Le G13, qui rassemble 19 organisations féministes et dont fait partie le Réseau, demande depuis 2010 la création d’un ministère québécois consacré aux droits des femmes et à l’égalité des genres.
Pour l’heure, la condition féminine est l’affaire d’un secrétariat qui relève de la ministre déléguée à l’Éducation, Isabelle Charest.
«C’est donc une charge supplémentaire pour la ministre, une sous-catégorie de priorités», fait valoir Rachel Chagnon, professeure au Département des sciences juridiques de l’UQAM, qui s’intéresse aux questions d’égalité et de discrimination dans l’élaboration des politiques publiques.
«Le travail pour atteindre l’égalité est trop important pour un secrétariat», croit-elle.
Au fédéral, un ministère des Femmes et de l’Égalité des genres a été créé en 2018 par les libéraux de Justin Trudeau. Depuis, les dossiers progressent plus rapidement et plus d’argent est investi, autant dans les organismes féministes qu’en recherche, soutient la professeure. Les enjeux y sont traités de manière transversale, entre les différents ministères donc.
À deux semaines du scrutin, seuls Québec solidaire (QS) et le Parti Québécois (PQ) ont promis la création d’un tel ministère s’ils étaient portés au pouvoir.
Où sont les enjeux féministes dans la campagne?

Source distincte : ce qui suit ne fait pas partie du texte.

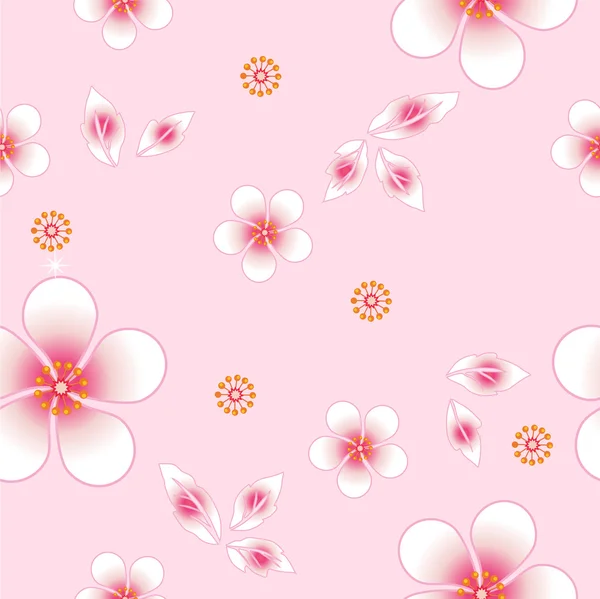 Seamless floral background. Repeat many times. — Stock Vector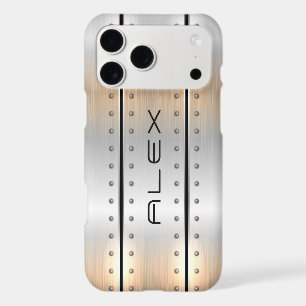 Metallic silver geometric modern design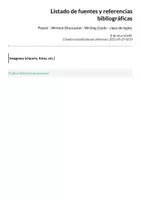 Aperçu - Affichage - Poster - Written Discussion - Writing Guide - clase de inglés - Page 2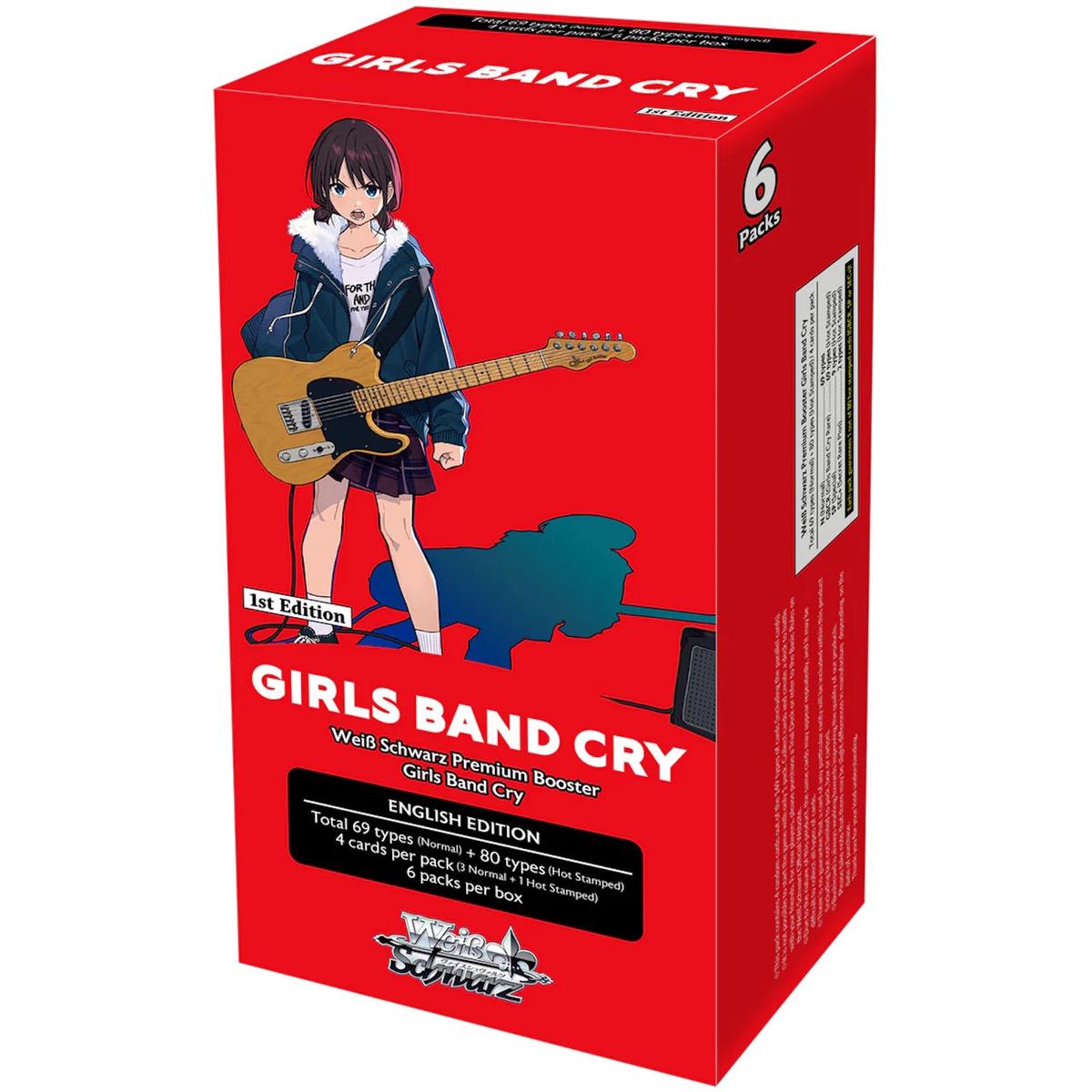 Weiss Schwarz TCG: Girls Band Cry: Premium Booster Box - 6 Packs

«La condition de vie des femmes est totalement absente de la campagne électorale», déplore Marie-Andrée Gauthier. Elle rappelle que plusieurs engagements ont pourtant été pris en contexte d’élections par le passé, comme «les centres de la petite enfance (CPE), la loi sur l’équité salariale et le versement automatique des pensions alimentaires».
«On peut dire que c’est un problème, [le fait] que ça passe sous le radar, parce que les femmes constituent 52% de la population et qu’elles doivent surmonter de plus grands défis», signale la coresponsable des dossiers politiques au Regroupement des maisons pour femmes victimes de violence conjugale, Louise Riendeau.

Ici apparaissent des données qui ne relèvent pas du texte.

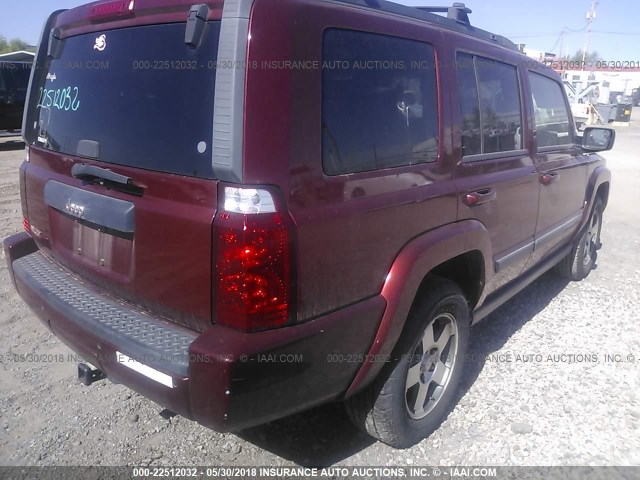 1J8HH48K49C501339 - 2009 JEEP COMMANDER SPORT მუქწითელი ფოტო 6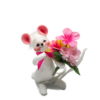 5" Spring Flowers Mouse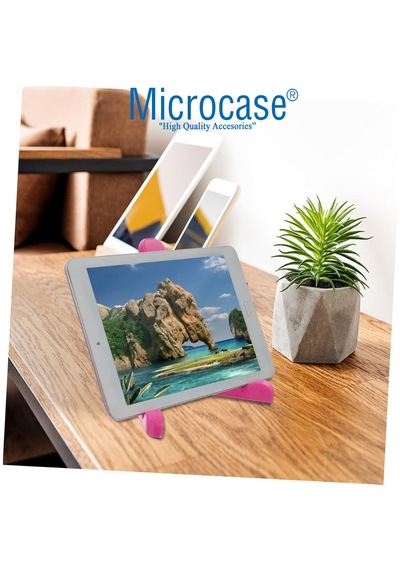 Microcase Huawei Matepad 11.5 S 2026 İle Uyumlu Touchpad Bluetooth Klavye + Tablet Standı - Pembe Al5194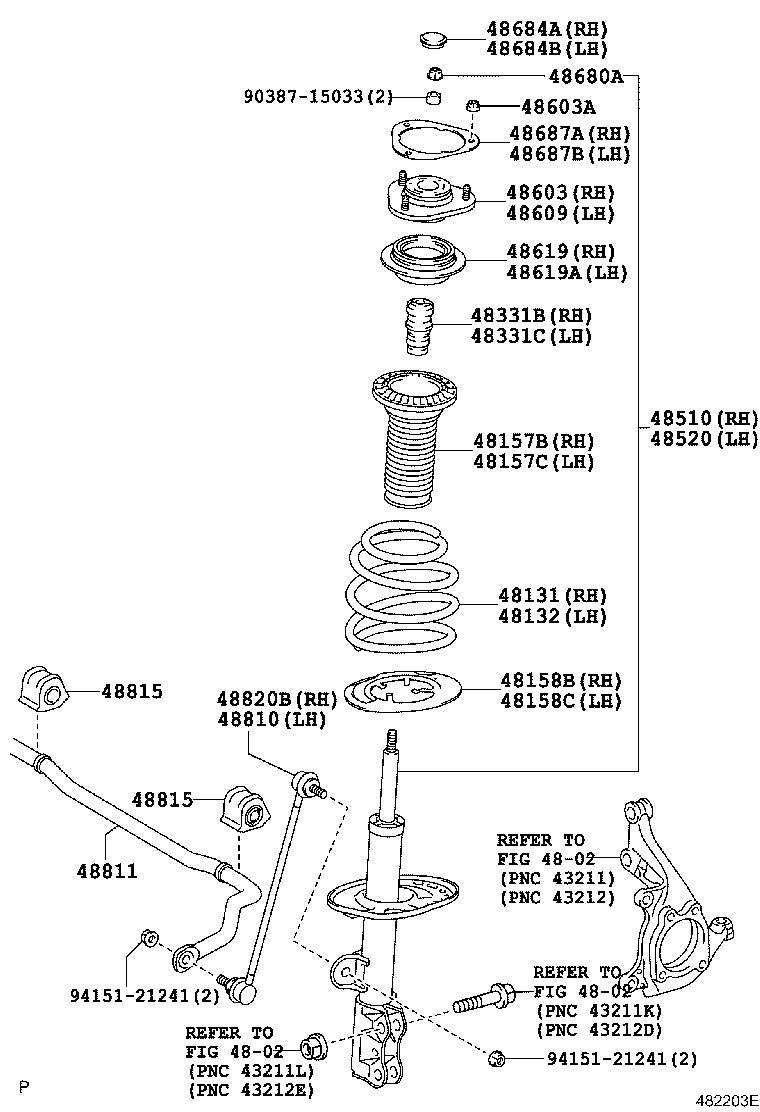 WIESMANN 48619-42010 - Опора стойки амортизатора, подушка autospares.lv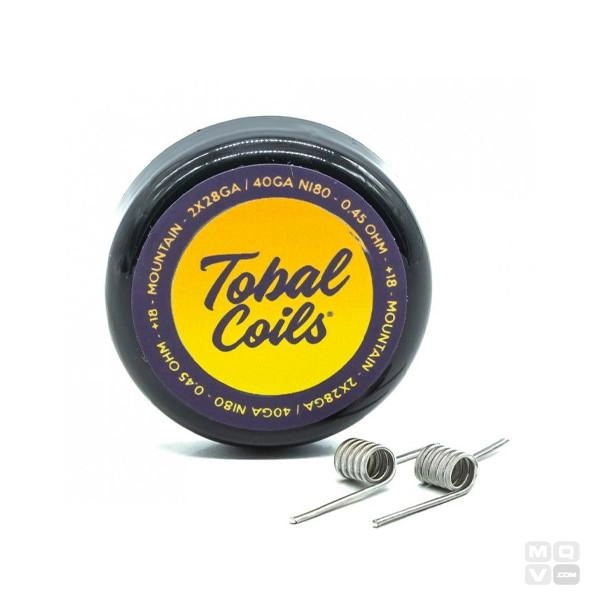 HANDMADE COIL TOBAL COILS MOUNTAIN 0.45 OHM OHM VAPE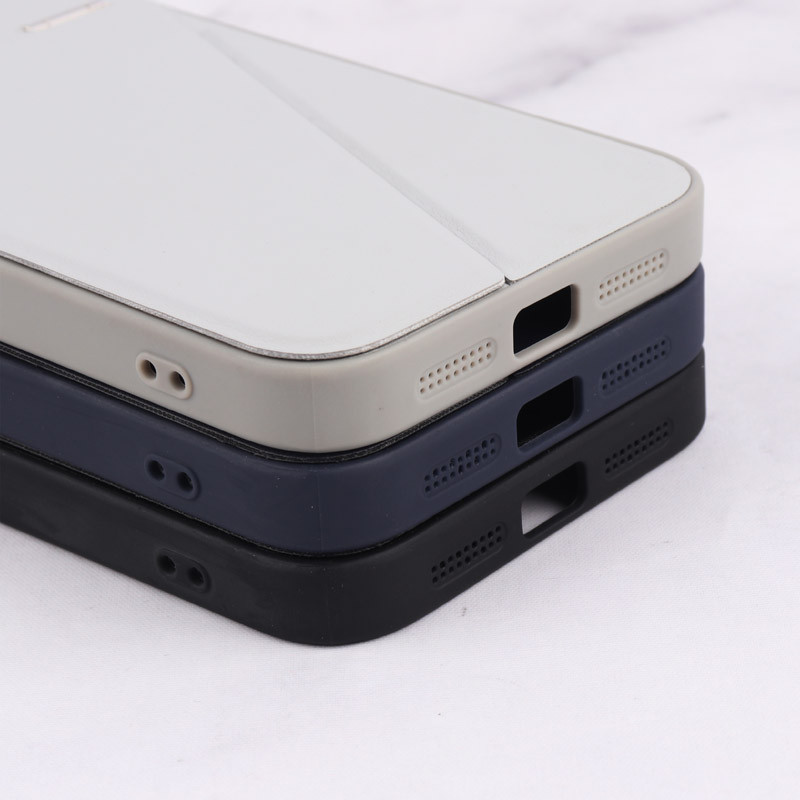 قاب چرم Classic آیفون iPhone 15 Pro Max استندشو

Pour Rachel Chagnon, c’est aussi une question d’électorat cible.
«Les femmes votent plus souvent que les hommes, et soutiennent davantage les partis politiques avec des programmes progressistes, analyse l’experte. Dans certains partis, il n’y a pas de gain à mettre de l’avant les enjeux féministes.»
Toutes les décisions politiques ont pourtant des effets différents sur les différents genres, précise le G13.

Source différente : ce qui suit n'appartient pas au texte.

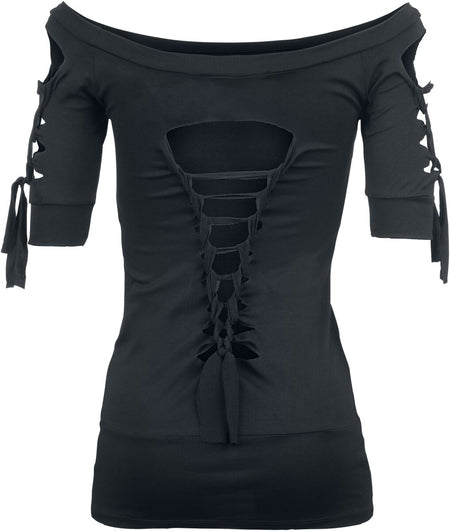 T-Shirt Manches courtes  de Wednesday - Wednesday - Sorrow - S à 4XL - pour Femme - noir - Wednesday
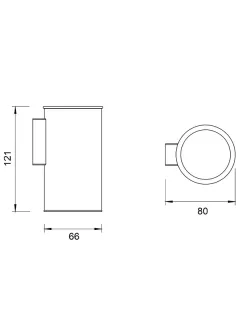 Стакан для зубных щеток WHITECROSS Ergo ER2234NIB хром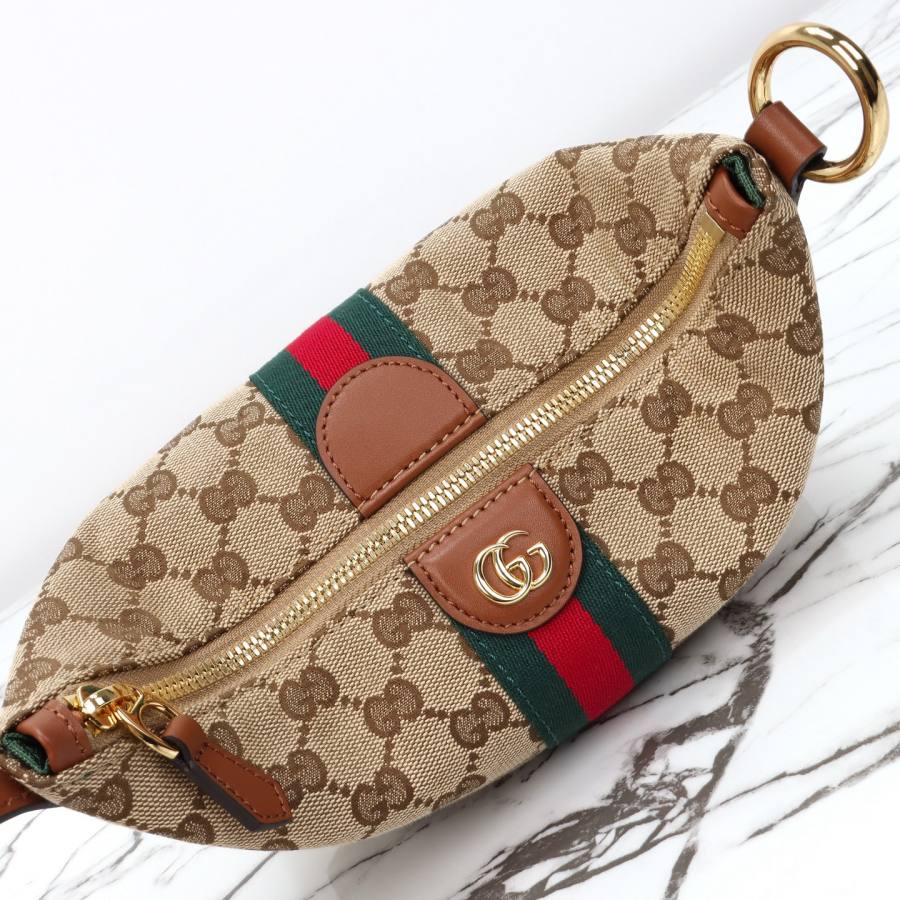 RP 2593000 Gucci 861775 Beige Canvas 19x10x9 861775 B15B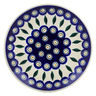 Polish Pottery Boleslawiec Stoneware Plate 103 Cer maz pattern D22 H0486C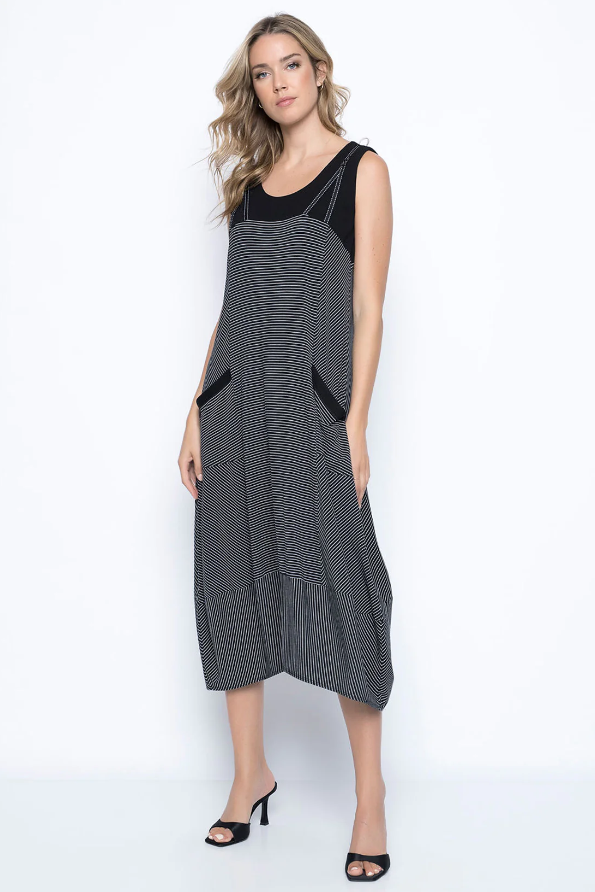 Picadilly Sleeveless Strappy Balloon Dress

«Quand on demande aux immigrants d’apprendre le français en six mois, c’est beaucoup plus facile pour les hommes, puisqu’ils vont directement sur le marché du travail et l’apprennent plus vite. La première année, les immigrantes apprennent plutôt le fonctionnement de la société d’accueil: les CLSC, les épiceries, les services», explique Marie-Andrée Gauthier.
Violences envers les femmes
«La pandémie nous a montré que les droits des femmes sont fragiles», prévient Louise Riendeau, devant la hausse des violences commises envers elles.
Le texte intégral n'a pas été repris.